The Conseil des arts et des lettres du Québec has recently awarded him a prestigious career grant. In 1999, he was awarded five first prizes for four of his recent works at international competition (Brazil, Spain, Italy, Hungary and Czech Republic). In 1997, as the winner of the Canada Council for the Arts' Lynch-Staunton Prize, he was also supported by the DAAD for a residence in Berlin (Germany). Five-time winner at the Bourges International Electroacoustic Music Competition (France) - the Magisterium Prize in 1988 - and 2nd Prize at Prix Ars Electronica 1992 (Linz, Austria), he has received numerous other awards.

- As seen on last.fm

_Lettre de Sarajeco_




_Espace / Escape_


----------



## PetrB (Feb 28, 2012)

I would love to see these various separate composer posts go into one OP with an appropriate heading!
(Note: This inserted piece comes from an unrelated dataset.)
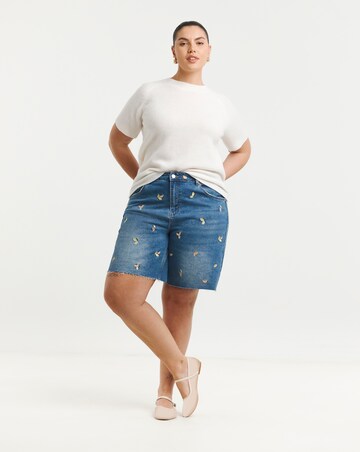 Mid Blue Fruit Embroidered Denim Bermuda Short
I'm certain if you designed a new OP, that the mods would be happy to help move these various posts to that thread.

There is a lot of this genre, unknown to many, and to have it in one thread where those who are curious / interested to look and listen would, I think, be a boon.


----------



## Blake (Nov 6, 2013)

I've been trying to post a lot of this music in some guy's thread, which I think is a great start if we can garner more participants. Either way, I'm enjoying it.

I'm just so fond of these composers that I feel they deserve a guestbook of their own.


----------



## PetrB (Feb 28, 2012)

Vesuvius said:


> I've been trying to post a lot of this music in some guy's thread, which I think is a great start if we can garner more participants. Either way, I'm enjoying it.
> 
> I'm just so fond of these composers that I feel they deserve a guestbook of their own.


I'm thinking composer guestbooks are fine if a wide number of people recognize the composer's name.

Truthfully, would you look at a thread Titled "Francis Dhomont" or "Irving Fine" unless at least you had an inkling, or had heard of them before ...or had an idea of the personal tastes of the OP? Maybe yes? Maybe no?


----------



## Blake (Nov 6, 2013)

Absolutely. I've often looked through the guestbooks for composers I've never heard before to see what I don't know. It can be a neat exploration, and that's why I post the OP in a sort of "educational" format - picture, information, music.


----------